MODEL = "Qwen/Qwen3-4B"

client = OpenAI(
    base_url=API_URL,
    api_key=API_KEY
)

async def batched_inference_openai():
    prompts = [
        "What is the capital of France?",
        "Explain quantum computing",
        "Write a short poem",
        "What are the benefits of exercise?",
        "Describe the solar system"
    ]

    tasks = []
    for i, prompt in enumerate(prompts):
        task = asyncio.create_task(single_request(client, MODEL, prompt, i))
        tasks.append(task)

    results = await asyncio.gather(*tasks)

    for i, result in enumerate(results):
        print(f"Response {i+1}: {result[:100]}...")

async def single_request(client, model, prompt, request_id):
    response = client.chat.completions.create(
        model=model,
        messages=[{"role": "user", "content": prompt}],
        max_tokens=100
    )
    return response.choices[0].message.content

if __name__ == "__main__":
    asyncio.run(batched_inference_openai())

3. Custom parameters

Some models support custom parameters that can be passed in the extra_body field. For example, the Qwen model supports the enable_thinking parameter to disable reasoning mode.

from openai import OpenAI

API_URL = "http://kalavai-api.public.kalavai.net/v1"
API_KEY = "<your-api-key>"
MODEL = "Qwen/Qwen3-4B"

client = OpenAI(
    base_url=API_URL,
    api_key=API_KEY
)

def stream_chat():
    response = client.chat.completions.create(
        model=MODEL,
        messages=[{"role": "user", "content": "Who, Tell me a story"}],
        stream=True,
        extra_body={
            "chat_template_kwargs": {
                "enable_thinking": False
            }
        }
    )

    for chunk in response:
        delta = chunk.choices[0].delta
        if delta and delta.content:
            print(delta.content, end="", flush=True)
        if delta and hasattr(delta, 'reasoning_content') and delta.reasoning_content:
            print(delta.reasoning_content, end="", flush=True)
        if delta and hasattr(delta, 'reasoning') and delta.reasoning:
            print(delta.reasoning, end="", flush=True)

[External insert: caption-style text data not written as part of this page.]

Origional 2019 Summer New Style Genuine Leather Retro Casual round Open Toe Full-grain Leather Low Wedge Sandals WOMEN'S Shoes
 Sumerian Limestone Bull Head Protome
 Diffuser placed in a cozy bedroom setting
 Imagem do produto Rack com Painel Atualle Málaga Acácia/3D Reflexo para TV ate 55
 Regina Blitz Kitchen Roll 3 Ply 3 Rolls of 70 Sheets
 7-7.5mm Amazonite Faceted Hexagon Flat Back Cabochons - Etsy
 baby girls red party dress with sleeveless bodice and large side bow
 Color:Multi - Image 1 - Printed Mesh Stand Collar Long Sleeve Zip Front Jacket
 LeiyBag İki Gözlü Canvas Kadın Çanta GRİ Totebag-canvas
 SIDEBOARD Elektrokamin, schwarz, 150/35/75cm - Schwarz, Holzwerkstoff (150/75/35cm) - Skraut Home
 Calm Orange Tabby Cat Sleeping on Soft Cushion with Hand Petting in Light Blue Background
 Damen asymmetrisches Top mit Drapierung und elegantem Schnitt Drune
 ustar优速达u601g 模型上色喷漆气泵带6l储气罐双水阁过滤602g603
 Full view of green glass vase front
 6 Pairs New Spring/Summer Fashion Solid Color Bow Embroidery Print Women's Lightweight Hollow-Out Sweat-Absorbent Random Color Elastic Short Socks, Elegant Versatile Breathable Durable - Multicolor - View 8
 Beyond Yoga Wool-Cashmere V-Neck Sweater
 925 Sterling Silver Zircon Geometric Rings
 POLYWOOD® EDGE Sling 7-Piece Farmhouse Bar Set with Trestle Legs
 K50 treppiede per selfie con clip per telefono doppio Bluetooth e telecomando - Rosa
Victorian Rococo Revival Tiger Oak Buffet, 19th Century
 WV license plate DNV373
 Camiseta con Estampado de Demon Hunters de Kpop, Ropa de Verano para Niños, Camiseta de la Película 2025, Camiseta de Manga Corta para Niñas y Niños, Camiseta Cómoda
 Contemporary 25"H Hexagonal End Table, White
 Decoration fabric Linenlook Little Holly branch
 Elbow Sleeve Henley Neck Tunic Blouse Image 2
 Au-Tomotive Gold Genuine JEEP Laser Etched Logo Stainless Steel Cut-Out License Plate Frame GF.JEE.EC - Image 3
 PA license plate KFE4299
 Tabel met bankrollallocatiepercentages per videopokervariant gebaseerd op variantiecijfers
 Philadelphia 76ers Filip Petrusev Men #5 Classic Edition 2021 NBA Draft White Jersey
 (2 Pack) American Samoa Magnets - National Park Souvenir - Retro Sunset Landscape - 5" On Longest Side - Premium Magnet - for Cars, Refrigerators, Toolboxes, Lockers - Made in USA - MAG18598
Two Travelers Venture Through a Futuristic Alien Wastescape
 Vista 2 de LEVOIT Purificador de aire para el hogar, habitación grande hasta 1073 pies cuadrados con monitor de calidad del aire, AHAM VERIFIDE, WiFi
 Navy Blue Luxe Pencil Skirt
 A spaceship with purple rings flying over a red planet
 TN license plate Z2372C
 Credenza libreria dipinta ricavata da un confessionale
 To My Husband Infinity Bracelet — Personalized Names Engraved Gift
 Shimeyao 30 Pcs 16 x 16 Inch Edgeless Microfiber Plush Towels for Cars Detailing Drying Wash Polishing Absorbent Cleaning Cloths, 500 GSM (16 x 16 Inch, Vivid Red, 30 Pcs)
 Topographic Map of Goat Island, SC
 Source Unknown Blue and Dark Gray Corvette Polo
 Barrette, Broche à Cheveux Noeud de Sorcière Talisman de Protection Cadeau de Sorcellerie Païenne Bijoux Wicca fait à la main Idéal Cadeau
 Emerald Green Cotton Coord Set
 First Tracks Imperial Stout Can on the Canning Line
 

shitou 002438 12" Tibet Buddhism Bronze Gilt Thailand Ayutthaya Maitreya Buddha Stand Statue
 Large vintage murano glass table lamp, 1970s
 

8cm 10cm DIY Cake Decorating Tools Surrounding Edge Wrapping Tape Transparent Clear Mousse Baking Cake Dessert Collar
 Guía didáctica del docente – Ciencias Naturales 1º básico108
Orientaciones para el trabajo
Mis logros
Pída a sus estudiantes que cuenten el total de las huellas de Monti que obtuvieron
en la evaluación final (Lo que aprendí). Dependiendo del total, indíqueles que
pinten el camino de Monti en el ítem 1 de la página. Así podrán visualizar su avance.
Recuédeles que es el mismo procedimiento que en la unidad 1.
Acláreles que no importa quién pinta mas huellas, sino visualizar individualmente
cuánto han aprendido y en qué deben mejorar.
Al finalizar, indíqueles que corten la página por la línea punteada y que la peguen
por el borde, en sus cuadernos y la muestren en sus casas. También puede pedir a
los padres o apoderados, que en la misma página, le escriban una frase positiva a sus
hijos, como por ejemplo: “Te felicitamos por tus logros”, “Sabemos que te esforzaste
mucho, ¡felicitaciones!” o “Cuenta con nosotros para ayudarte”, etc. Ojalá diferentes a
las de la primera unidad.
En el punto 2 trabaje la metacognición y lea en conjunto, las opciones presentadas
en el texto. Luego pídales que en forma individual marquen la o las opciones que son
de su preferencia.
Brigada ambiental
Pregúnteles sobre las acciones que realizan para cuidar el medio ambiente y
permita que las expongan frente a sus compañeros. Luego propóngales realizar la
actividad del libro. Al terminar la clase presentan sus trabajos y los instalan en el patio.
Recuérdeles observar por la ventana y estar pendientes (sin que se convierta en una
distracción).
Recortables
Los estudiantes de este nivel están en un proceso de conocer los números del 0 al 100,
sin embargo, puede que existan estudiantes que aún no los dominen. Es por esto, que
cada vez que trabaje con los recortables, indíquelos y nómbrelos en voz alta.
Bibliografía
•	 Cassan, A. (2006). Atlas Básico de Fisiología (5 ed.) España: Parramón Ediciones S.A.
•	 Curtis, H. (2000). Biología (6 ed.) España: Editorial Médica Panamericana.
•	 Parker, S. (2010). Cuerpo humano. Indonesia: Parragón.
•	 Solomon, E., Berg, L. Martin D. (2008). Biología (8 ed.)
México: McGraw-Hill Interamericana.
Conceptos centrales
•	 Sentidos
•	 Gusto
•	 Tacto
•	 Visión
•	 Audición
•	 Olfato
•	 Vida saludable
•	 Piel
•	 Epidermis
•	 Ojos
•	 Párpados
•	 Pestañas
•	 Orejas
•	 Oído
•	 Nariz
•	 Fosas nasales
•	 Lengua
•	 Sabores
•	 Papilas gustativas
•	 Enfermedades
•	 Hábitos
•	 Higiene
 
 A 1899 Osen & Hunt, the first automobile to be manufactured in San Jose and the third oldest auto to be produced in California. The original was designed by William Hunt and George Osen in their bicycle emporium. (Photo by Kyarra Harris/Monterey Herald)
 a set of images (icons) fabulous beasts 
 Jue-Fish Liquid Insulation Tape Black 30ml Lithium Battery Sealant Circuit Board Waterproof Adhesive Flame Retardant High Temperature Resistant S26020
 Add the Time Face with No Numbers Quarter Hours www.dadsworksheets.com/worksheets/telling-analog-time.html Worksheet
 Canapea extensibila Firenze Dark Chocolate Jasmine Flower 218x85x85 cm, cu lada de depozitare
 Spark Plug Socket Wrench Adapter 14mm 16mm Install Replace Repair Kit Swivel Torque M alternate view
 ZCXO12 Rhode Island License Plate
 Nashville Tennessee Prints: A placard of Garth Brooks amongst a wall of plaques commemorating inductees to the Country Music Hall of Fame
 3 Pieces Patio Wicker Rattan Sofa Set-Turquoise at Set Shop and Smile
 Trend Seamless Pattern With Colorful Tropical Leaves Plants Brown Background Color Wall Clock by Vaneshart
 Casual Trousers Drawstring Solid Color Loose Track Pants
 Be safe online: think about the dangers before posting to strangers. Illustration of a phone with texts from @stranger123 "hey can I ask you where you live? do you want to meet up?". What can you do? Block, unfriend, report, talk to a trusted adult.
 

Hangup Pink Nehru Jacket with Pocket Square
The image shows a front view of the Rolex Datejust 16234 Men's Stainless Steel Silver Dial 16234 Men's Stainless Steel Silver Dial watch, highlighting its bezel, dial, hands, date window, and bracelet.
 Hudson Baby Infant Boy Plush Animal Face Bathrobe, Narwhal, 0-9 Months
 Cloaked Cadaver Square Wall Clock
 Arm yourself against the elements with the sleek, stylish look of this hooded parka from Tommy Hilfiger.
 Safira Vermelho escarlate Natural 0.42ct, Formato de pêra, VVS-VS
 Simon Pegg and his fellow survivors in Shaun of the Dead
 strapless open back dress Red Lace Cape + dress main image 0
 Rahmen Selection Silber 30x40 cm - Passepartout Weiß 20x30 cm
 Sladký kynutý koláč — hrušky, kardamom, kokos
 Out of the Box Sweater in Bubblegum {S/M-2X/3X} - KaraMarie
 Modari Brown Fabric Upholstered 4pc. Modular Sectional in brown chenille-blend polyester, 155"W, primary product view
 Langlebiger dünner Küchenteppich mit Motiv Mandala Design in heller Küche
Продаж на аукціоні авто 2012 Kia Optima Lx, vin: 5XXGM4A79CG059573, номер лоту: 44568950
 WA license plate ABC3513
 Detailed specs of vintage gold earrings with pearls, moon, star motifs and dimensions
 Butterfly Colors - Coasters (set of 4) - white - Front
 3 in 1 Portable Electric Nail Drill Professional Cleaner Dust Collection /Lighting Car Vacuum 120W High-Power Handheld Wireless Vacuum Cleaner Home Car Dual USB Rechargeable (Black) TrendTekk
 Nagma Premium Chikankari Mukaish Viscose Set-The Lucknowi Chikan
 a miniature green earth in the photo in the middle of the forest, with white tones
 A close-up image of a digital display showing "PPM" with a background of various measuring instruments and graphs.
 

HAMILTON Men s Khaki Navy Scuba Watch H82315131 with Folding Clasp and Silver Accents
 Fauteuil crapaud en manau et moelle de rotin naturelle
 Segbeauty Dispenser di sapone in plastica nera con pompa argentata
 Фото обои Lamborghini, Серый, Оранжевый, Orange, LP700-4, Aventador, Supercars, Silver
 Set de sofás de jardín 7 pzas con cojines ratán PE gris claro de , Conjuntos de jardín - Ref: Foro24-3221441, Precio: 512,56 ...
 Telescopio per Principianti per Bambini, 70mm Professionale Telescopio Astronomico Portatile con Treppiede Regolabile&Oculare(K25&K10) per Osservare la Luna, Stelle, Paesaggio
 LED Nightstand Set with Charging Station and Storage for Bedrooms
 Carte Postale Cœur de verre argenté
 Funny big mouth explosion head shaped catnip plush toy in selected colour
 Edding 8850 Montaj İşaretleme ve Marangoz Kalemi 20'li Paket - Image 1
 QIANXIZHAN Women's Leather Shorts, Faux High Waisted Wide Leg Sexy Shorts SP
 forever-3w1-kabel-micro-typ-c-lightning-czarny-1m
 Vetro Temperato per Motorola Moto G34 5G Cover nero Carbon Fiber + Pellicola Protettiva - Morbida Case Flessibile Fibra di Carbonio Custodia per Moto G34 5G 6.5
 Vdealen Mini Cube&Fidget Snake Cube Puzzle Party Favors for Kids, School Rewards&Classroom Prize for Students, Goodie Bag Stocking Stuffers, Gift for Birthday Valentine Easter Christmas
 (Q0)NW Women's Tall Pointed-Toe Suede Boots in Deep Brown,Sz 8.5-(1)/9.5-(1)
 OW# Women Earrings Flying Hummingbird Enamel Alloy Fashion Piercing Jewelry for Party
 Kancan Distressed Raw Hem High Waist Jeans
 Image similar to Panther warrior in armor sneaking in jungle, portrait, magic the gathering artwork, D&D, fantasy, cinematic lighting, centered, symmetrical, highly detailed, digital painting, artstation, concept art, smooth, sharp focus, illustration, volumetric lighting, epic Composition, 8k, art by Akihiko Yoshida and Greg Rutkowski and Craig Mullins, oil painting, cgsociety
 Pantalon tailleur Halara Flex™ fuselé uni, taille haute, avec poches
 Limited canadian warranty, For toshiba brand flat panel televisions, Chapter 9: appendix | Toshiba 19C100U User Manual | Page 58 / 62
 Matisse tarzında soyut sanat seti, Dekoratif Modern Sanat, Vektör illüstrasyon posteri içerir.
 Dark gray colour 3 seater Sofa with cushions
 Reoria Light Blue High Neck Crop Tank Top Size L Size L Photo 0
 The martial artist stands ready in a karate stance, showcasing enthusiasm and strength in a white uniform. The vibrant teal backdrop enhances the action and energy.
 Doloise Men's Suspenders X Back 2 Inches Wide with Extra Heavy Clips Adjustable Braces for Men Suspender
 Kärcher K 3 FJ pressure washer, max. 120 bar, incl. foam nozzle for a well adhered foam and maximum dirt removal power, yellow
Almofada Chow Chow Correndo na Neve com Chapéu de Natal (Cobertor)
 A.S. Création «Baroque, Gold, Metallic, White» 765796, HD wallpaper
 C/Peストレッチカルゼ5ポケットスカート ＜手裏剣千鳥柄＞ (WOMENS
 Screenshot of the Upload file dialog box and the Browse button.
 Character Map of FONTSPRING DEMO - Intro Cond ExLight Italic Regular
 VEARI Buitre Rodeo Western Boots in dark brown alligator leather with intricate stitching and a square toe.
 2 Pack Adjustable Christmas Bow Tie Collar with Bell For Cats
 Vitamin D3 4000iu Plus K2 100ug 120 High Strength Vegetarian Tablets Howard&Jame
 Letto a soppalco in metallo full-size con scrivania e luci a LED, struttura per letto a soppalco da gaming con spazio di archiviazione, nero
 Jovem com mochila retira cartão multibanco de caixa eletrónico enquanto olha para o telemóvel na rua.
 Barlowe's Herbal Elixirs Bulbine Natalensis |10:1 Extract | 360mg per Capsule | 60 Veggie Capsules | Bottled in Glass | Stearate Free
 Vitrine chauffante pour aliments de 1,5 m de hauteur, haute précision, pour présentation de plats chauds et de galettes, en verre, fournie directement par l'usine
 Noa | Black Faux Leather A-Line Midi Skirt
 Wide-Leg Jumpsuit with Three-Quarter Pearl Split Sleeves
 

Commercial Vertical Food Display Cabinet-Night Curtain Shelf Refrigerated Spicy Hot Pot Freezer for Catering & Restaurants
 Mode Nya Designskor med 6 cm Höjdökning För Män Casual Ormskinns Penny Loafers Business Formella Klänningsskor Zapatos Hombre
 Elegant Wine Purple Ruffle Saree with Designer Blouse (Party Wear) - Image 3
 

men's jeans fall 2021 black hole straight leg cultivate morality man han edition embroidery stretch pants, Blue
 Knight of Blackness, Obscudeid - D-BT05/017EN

    print("\n--- Done ---")

if __name__ == "__main__":
    stream_chat()

OpenAI compatible API

With the OpenAI compatible API, you can use the same code to interact with the LLM service as you would with the OpenAI API. This means that you can use the same code to interact with the service as you would with the OpenAI API, including methods and parameters to customise your inference calls.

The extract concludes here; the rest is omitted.